1950s Standard Ten saloons.

Firstly, a black Standard saloon parked with its happy owner.
The scene looks like it dates to the 1950s, and shows a lady stood proudly alongside their Standard 10 - it may be an 8 but with its wind up windows it could only be a late example, or else a 10 which is more probable. The car would date to the mid 1950s. The lady's dress is very flowery and distinctly 1950s in style and design, so the Standard was probably quite new at the time of the photograph.
Standard saloon car
Also it's interesting to see the houses in the background - probably built in the 1920s and typical of British suburbia even today, although now they may well have UPVC windows, and a satellite dish nailed to the wall by now.
The engine fitted to these small cars was 948cc in size, and went on to be used (in this size, and larger versions) in all future Heralds and Spitfires, right up to 1980 by which time it was 1500cc in size. The engine first appeared in the Standard 8 in the early 50s, at which time it was (just like BMC's A Series) 803cc. The engine was an overhead valve design, all iron. Unlike most small Fords of the day, these compact cars had a four speed gearchange. The 8 and 10 were available as 4 door saloons (no 2 door saloon was marketed), a compact estate car (called the Companion), or as a light commercial (van or pickup). The final incarnations of the 8/10 design were called the Pennant, and featured a revised front & rear wing line, in an attempt to modernise the design. The model died out altogether in 1959 with the launch of the Standard-Triumph Herald range (which reverted to a separate chassis design, unlike the Standard's monocoque construction).

2. A brand new Standard 10 on trade plates.

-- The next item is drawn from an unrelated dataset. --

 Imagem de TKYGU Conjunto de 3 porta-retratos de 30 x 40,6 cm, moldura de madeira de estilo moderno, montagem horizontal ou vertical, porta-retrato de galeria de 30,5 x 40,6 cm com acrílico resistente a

Next, two photographs showing a smart shiny new Standard saloon being delivered to its new owner(s). Note the trade plate attached to the front bumper, and 50s-style Commercial 'C' licence included with the trader's registration number (650 PE).
Standard 10 car
A brand new Standard 10 on trade plates

3. A 10+ year old Standard parked in suburbia, 1967.

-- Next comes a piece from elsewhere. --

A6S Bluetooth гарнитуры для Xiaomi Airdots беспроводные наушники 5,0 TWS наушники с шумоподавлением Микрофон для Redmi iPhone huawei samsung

The following two photos in suburbia show a Standard Ten in September 1967, by which time it was over ten years of age. The car, reg UTC 449, was registered in Lancashire, some time after November 1954.
A Standard parked outside a row of suburban houses
British suburbia, 1960s style

4. Two children and a 1950s' Standard.

This photo shows a young lad - and his sister most likely - dressed as a county Sheriff, stood with a typical 1950s' Standard Ten.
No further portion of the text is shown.